We were authorized to inquire of key senators what would there view be of that. Most of them that we talked with said it would be all right; they didn’t think there was any problem with that kind of thing. But that was interrupted by the willingness of the Soviet Union to accept on-site inspections for the first time in the nuclear test ban negotiations. And they said they would accept three inspections.

We had some very secret negotiations, the details of which have not yet been revealed. We met first with the Soviets alone, and then finally the British joined us. David Ormsby Gore, who was the British ambassador and had been the British representative to the test ban talks, joined us after a meeting or two.

In effect, what we tried to do was to tell the Soviets if you will describe to us what on-site inspections would actually consist of, so that we can determine the quality of these individual inspections, then we’ll talk about numbers. But it was pretty clear to most of us that the Senate, which was not all that enthusiastic about a comprehensive test ban anyway, was not likely to ratify a treaty with only three on-site inspections.

And so we were hoping that if the Soviets could say, “Look, you can go and do anything you want to in these inspections and don’t worry about it,” then we could go to Congress and say, “Well, look, here’s what they’ll let us do, and we’re absolutely convinced we then will have the things we need.” Then we thought we would have a little more flexibility.

Whether we could go down to three I think most of us doubted, but we thought maybe we could do five. The official position, I think, was seven or eight at that time. It sounds like small potatoes now, but it was that sort of thing that was making the difference between go and no-go in terms of senatorial ratification.

The Soviets turned us down cold. Three was it, and they would not talk about the modality of inspection, so we accepted three.

We did talk with them successfully about placing these automated seismographs at various points. I took one of these National Geographic maps, like you have on your wall, over to the Soviet Mission and put x’s on it where we would want ours in the Soviet Union, and they did they same….

So Kennedy announced the atmospheric test ban thing, which was also my idea. And Khrushchev very quickly accepted, in a speech he made in East Berlin a couple of weeks later, that he liked the idea of not testing first in the atmosphere. So we picked up that.

And, you see, this signaling from the top, as I sometimes call it, is fairly important. Khrushchev had been burned already in the three on-site inspections; now he heard Kennedy say, okay, no tests in the atmosphere, and it reassured him. It may not have been a big deal, but I think it provided some comfort to Khrushchev to think, well, now he’s dealing with somebody that can really speak for the U.S. government.

And then Harriman was sent over with instructions to see if he could get a comprehensive test ban, but, if not, to get this Limited Test Ban Treaty, that we had drafted. I had drafted it with Tom Pickering back in 1962. It had been on the table for a year, and the Russians hadn’t shown any interest in it. So Harriman had that with him.

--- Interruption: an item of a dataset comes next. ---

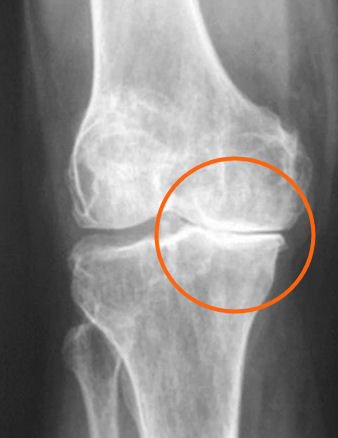 X-ray knieartrose röntgenfoto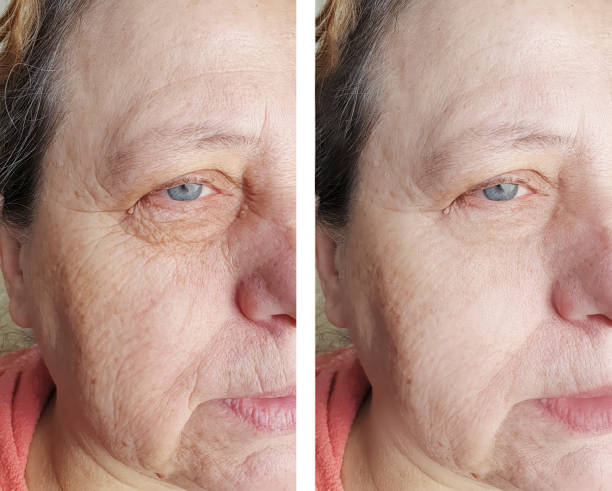 face of an elderly woman face wrinkles before and after procedures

What happened was that [Foreign Minister] Gromyko said, “Okay, how about a nonaggression pact between us?” We turned that down. It was obvious, of course, they were moving towards trying to align themselves with the West and had already broken with China at that point. And very quickly they said, “Okay, we can’t buy a comprehensive test ban, but can live with the Limited Test Ban Treaty.”

And so, with very minor changes, this treaty that Tom and I had drafted in 1962 became accepted by the Soviets and was then submitted to the Senate by Kennedy and ratified.